* **DATA SECTION**
________________________
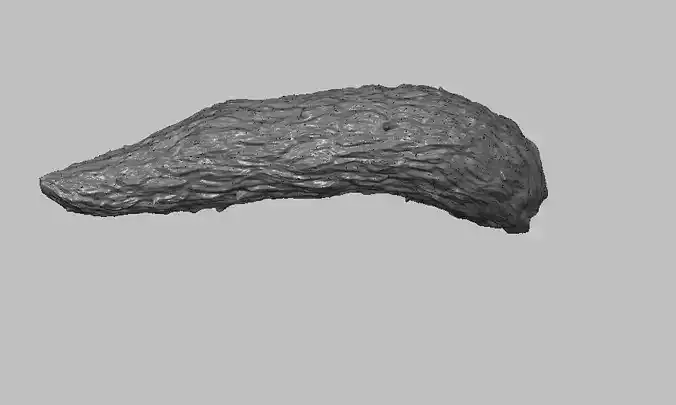 R tail hedgehog head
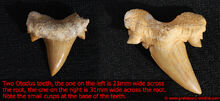 Otodus-teeth.jpg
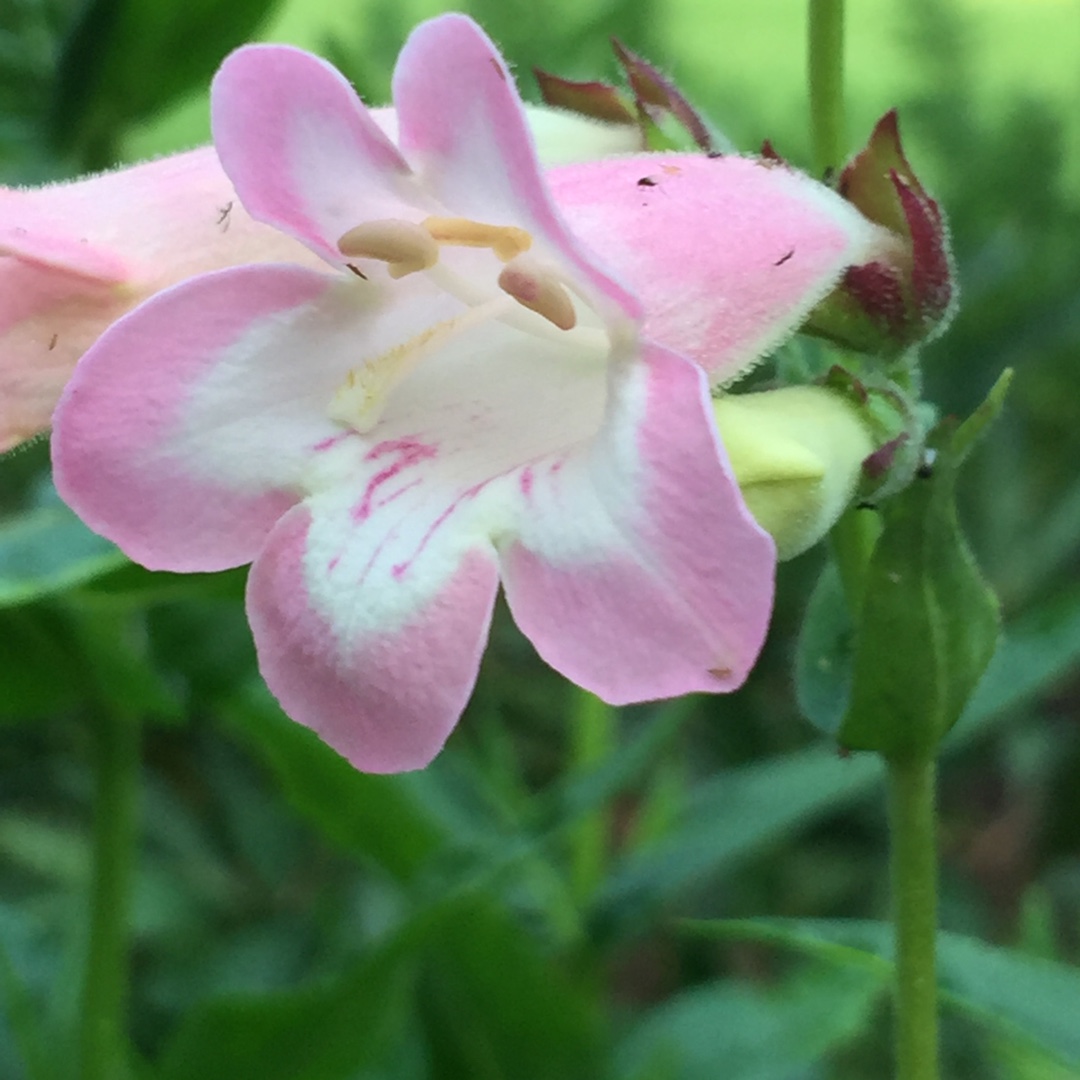 Penstemon Fujiyama in the GardenTags plant encyclopedia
________________________
* **GOAL OF THE EXERCISE**
Leave out the pictures and copy the rest of the material above exactly.

* **YOUR SOLUTION**
 R tail hedgehog head
 Otodus-teeth.jpg
 Penstemon Fujiyama in the GardenTags plant encyclopedia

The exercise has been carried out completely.